> SOURCE MATERIAL:
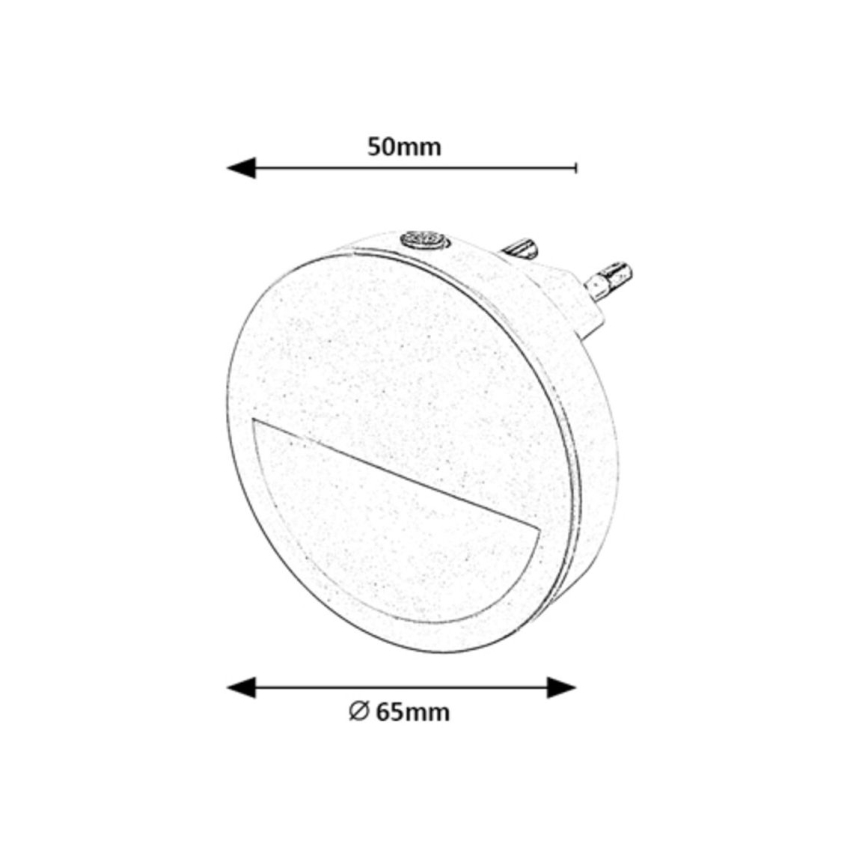 Rabalux - LED Naktinė lemputė su prieblandos jutikliu LED/0,5W/230V 3000K diametras 65 mm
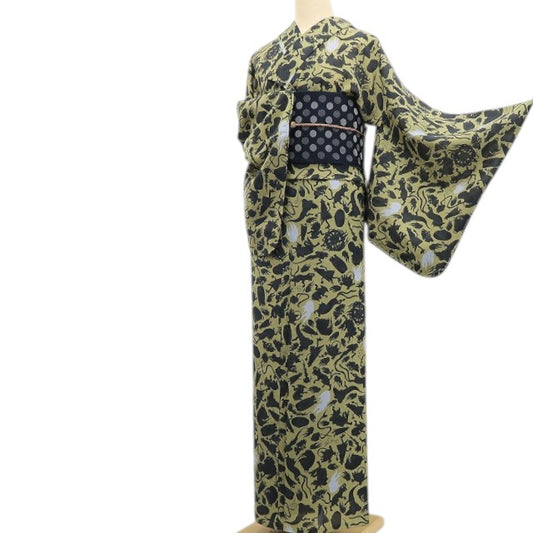 【新品】tomihisa 新品 撫松庵 妖怪シルエット セオアルファ 洗える夏着物 仕付け糸付 小紋 浴衣 6223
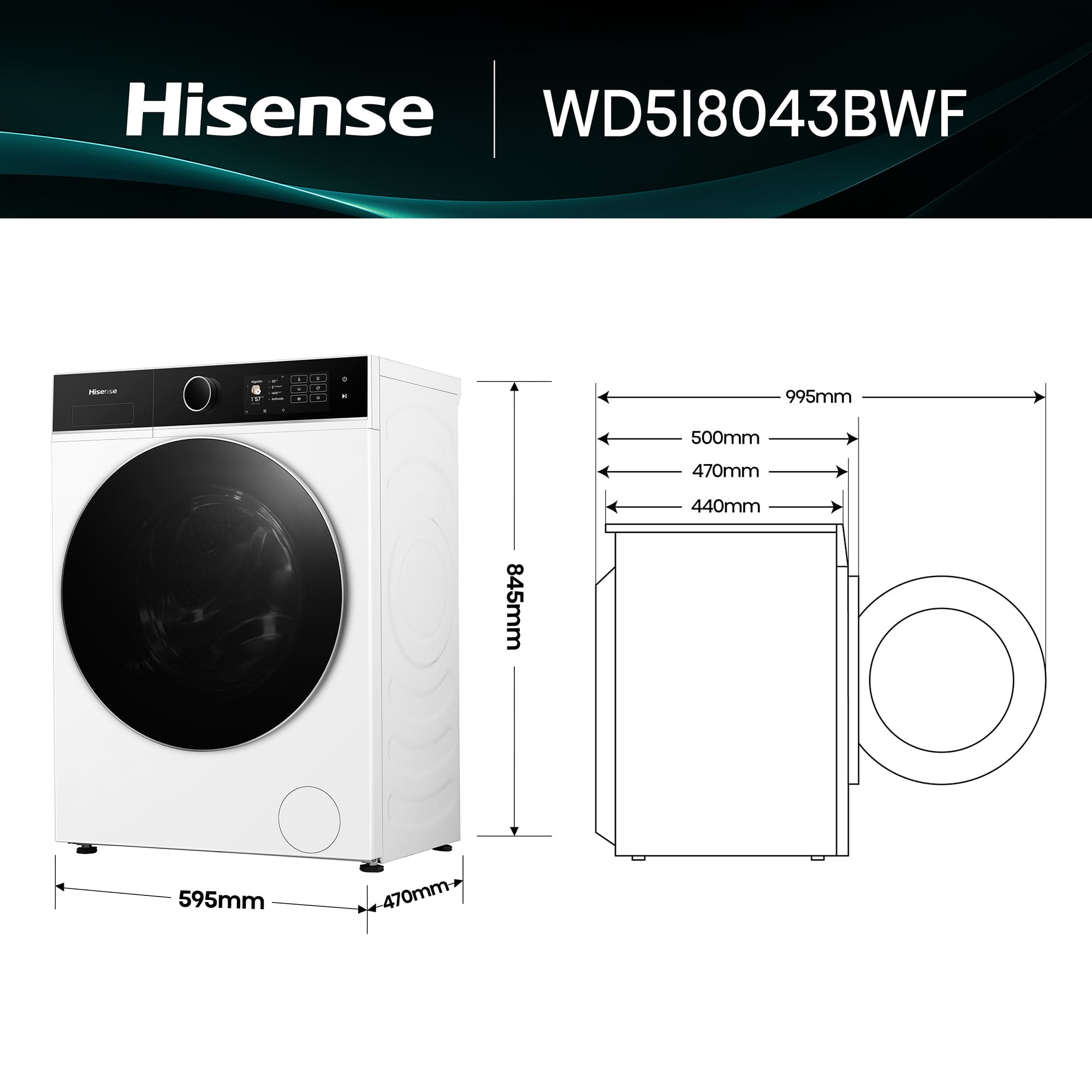 Hisense - WD5I8043BWF – Lavasecadora De Libre Instalación, A-30%  (ECO 40-60ºC), 8 kg/5 kg , 1400 rpm, Blanco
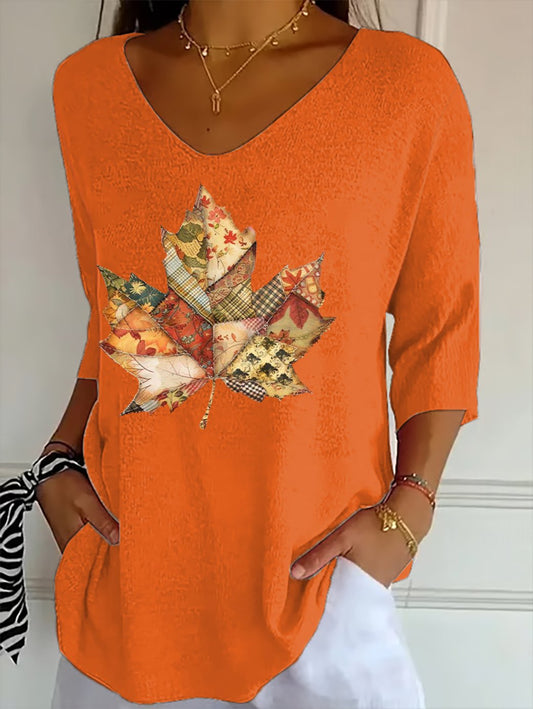 Women's Autumn Maple Leaf Printed T-Shirt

> YOUR TASK:
Would you please repeat all the data word for word, but without the pictures?

> SOLUTION TO THE EXERCISE:
 Rabalux - LED Naktinė lemputė su prieblandos jutikliu LED/0,5W/230V 3000K diametras 65 mm
 【新品】tomihisa 新品 撫松庵 妖怪シルエット セオアルファ 洗える夏着物 仕付け糸付 小紋 浴衣 6223
 Hisense - WD5I8043BWF – Lavasecadora De Libre Instalación, A-30%  (ECO 40-60ºC), 8 kg/5 kg , 1400 rpm, Blanco
 Women's Autumn Maple Leaf Printed T-Shirt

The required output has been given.